Глава III НЕМНОГО НАУКИ, ПРЕПОДАННОЙ ПО-ДРУЖЕСКИ


Молодой инженер приехал в Грикваленд отнюдь не для того, чтобы транжирить время в атмосфере алчности, пьянства и курения табака. Ему было поручено произвести топографическую и геологическую съемку некоторых районов края, собрать образцы алмазоносных пород и на месте приступить к тонким анализам. Поэтому ему прежде всего требовалось спокойное жилье, где он мог бы разместить свою лабораторию и которое могло бы служить своего рода центром его разъездов по горнорудному округу. Холм, на котором возвышалась ферма Уоткинсов, сразу привлек его внимание: поселясь здесь, достаточно далеко от лагеря рудокопов, чтобы не слишком страдать от его шумного соседства, Сиприен одновременно оказался бы всего в часе ходьбы от наиболее удаленных рудников,— так как алмазоносный округ занимал не более десяти — двенадцати километров в окружности. По счастью, выбрать один из домов, заброшенных Джоном Уоткинсом, договориться о его найме и устроиться в нем оказалось для молодого инженера делом нескольких часов. Впрочем, фермер проявил себя как человек покладистый. В глубине души он очень скучал в своем одиночестве и теперь с неподдельным удовольствием наблюдал, как рядом с ним устраивается жить молодой человек, который, конечно, доставит ему хоть какое-то развлечение.

Однако если мистер Уоткинс рассчитывал найти в своем жильце компаньона по застолью или усердного собутыльника по части джина, то он ошибался. Едва разместившись со всем своим снаряжением из реторт[21], печей и реактивов[22] в доме, предоставленном в его распоряжение,— и даже не дождавшись прибытия главных приборов лаборатории,— Сиприен уже начал геологические вылазки в окрестности рудника.

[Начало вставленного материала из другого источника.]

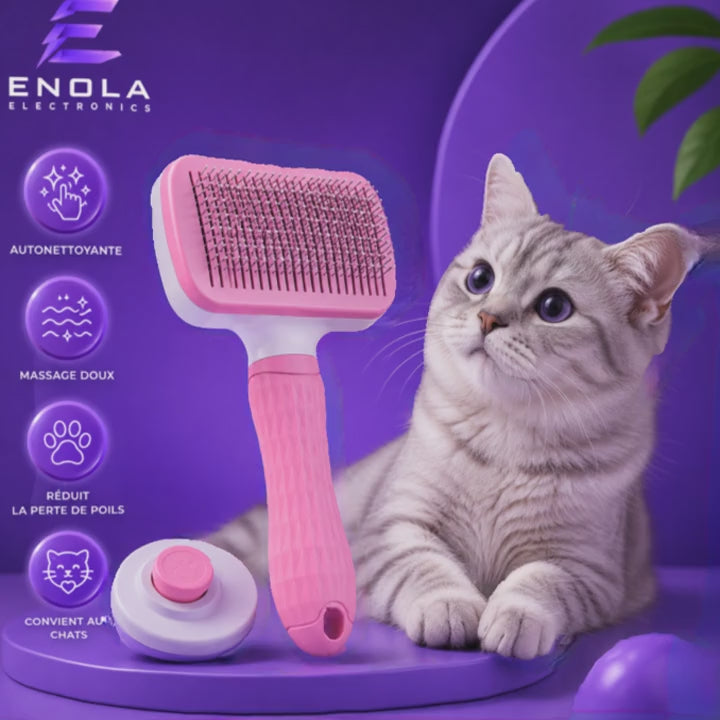 Brosse de Massage & Toilettage pour chats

Вечерами он усталый возвращался домой, с образцами пород, которыми оказывались набиты не только его цинковый ящик, охотничья сумка, но и карманы, и даже шляпа, он жаждал лишь поскорее броситься в кровать и заснуть, но уж никак не выслушивать старые побасенки мистера Уоткинса. Кроме того, инженер не увлекался курением и еще менее — выпивкой. Все это не очень соответствовало образу веселого дружка, о котором мечтал фермер. И при всем при том Сиприен оказался таким верным и добрым человеком, таким простым в обхождении и в душевном настроении, таким умным и скромным, что нельзя было постоянно видеться с ним и не почувствовать привязанности. Мистер Уоткинс,— возможно, не отдавая себе в том отчета,— испытывал к молодому инженеру больше уважения, чем к кому-либо другому. Если бы еще этот малый умел красиво пить! А как быть с человеком, который не потребляет ни капли джина? Так-то вот и заканчивались всякий раз размышления огорченного фермера по поводу его жильца.

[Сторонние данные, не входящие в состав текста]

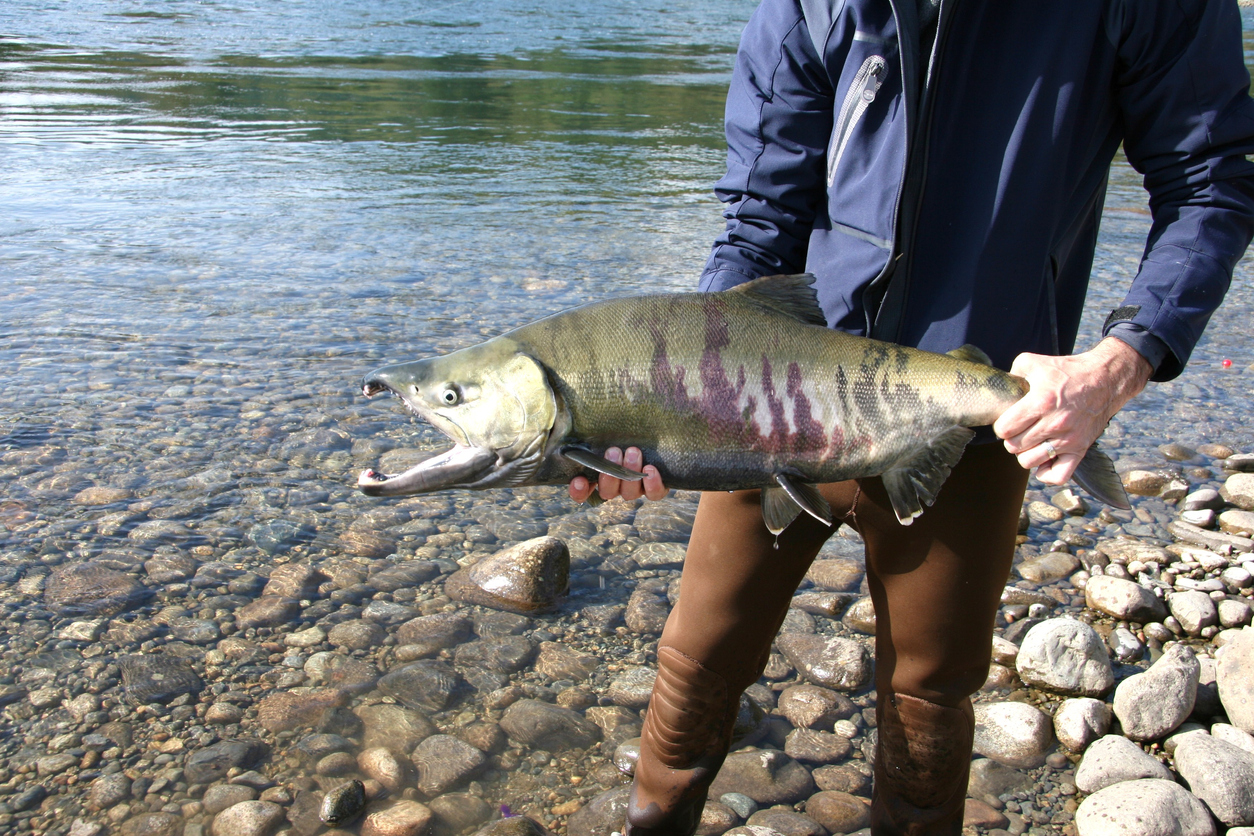 Chum Salmon Chum Salmon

Что до мисс Уоткинс, то у нее с молодым ученым тотчас установились отношения доброго и искреннего товарищества. Обнаружив у него отличные манеры и умственное превосходство, которого она почти не встречала в своем привычном окружении, мисс Уоткинс с поспешностью ухватилась за неожиданную возможность, представившуюся ей, чтобы пополнить свои весьма обширные и солидные знания, которые она приобрела, читая научные труды по экспериментальной химии.

Лаборатория молодого инженера, конечно, заинтересовала ее. Ей особенно любопытно было узнать все, что относилось к природе алмаза, этого драгоценного камня, который в разговорах окружающих и в торговле страны играл столь важную роль. По правде говоря, Алиса была склонна рассматривать алмазы как обычную гальку. Сиприен имел на этот счет то же мнение. Общность взглядов не могла не способствовать дружбе, которая тотчас завязалась меж ними. Можно смело сказать, в Грикваленде только они не верили, что единственная цель жизни должна состоять в том, чтобы отыскивать, гранить и продавать эти мелкие камешки, которых столь страстно жаждут повсюду в мире.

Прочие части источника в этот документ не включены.